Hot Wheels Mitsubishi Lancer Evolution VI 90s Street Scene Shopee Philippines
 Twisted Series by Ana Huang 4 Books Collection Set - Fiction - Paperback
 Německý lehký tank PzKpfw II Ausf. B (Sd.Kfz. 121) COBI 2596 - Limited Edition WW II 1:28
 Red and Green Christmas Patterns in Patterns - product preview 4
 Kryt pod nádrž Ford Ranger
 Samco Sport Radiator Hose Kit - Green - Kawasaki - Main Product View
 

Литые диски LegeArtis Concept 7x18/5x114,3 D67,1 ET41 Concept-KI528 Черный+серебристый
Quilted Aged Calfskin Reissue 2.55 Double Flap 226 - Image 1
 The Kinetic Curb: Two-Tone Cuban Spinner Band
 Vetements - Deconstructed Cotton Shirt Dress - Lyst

━━━━━━━━━━

--- YOUR OBJECTIVE ---
The entire set of entries, and nothing else, should be set down exactly.

--- RESPONSE TO THIS EXERCISE ---
Hot Wheels Mitsubishi Lancer Evolution VI 90s Street Scene Shopee Philippines
 Twisted Series by Ana Huang 4 Books Collection Set - Fiction - Paperback
 Německý lehký tank PzKpfw II Ausf. B (Sd.Kfz. 121) COBI 2596 - Limited Edition WW II 1:28
 Red and Green Christmas Patterns in Patterns - product preview 4
 Kryt pod nádrž Ford Ranger
 Samco Sport Radiator Hose Kit - Green - Kawasaki - Main Product View
 

Литые диски LegeArtis Concept 7x18/5x114,3 D67,1 ET41 Concept-KI528 Черный+серебристый
Quilted Aged Calfskin Reissue 2.55 Double Flap 226 - Image 1
 The Kinetic Curb: Two-Tone Cuban Spinner Band
 Vetements - Deconstructed Cotton Shirt Dress - Lyst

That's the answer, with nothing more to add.